The Neon Demon

Scott Wallace
18th Oct 2016

Since making his commercial and artistic breakthrough in 2011 with Drive, Danish filmmaker Nicolas Winding Refn has become one of the most divisive filmmakers currently working. Unfortunately, his latest, the self-indulgent The Neon Demon, may push even some of his most ardent defenders over the line. The hallucinatory thriller undercuts its own good intentions, and in the end is equally fascinating and repulsive.

The film stars the doe-like Elle Fanning as Jesse, a young woman who has come to L.A. to find work as a model. Most people she meets are enamoured with her look, but she finds herself slowly entering a strange underworld tainted by self-loathing, narcissism, covetousness, and most of all, jealousy. Rounding out the central cast are Australians Bella Heathcote and Abbey Lee as intimidating models Gigi and Sarah, Jena Malone as the apparently friendly make up artist Ruby, and Keanu Reeves as sleazy motel owner Hank.

The film is very clearly intended to be a narrative about the effects of the male gaze on women's body image, and the pursuit of unobtainable perfection. It's a noble cause, but The Neon Demon is bogged down by being somehow at once both clumsily obvious, and stubbornly oblique.
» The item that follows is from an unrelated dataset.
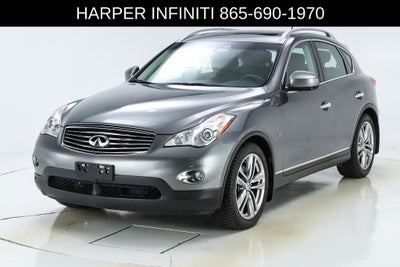 2015 INFINITI QX50 Journey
It starts off strong, drawing viewers into the bizarre realm of eerie perfection that Jesse is thrust into, but quickly loses its way.

One of the only reasons that it is possible to sit through the film's two-hour runtime is the cinematography. Natasha Braier's sumptuous work is suffused with deep reds and purples that leap from the screen, and makes brilliant use of oblique lighting and negative spaces, particularly in the film's numerous dream sequences. Hand in hand with the thumping, glistening score by Cliff Martinez, the film's visuals have a rhythm and cohesion that is utterly compelling even when the narrative is not.

In fact, the narrative barely exists at all. Keanu Reeves, who can be wooden even at the best of times, gives a performance that suggests he was aware of how utterly pointless his character is. Even when a performance is great, as Elle Fanning's, Jena Malone's, and especially Abbey Lee's are, their efforts are frustratingly unsatisfying because they don't seem to add up to anything. Somewhat ironically, this treatise on the artificiality of exterior beauty lacks any depth at all.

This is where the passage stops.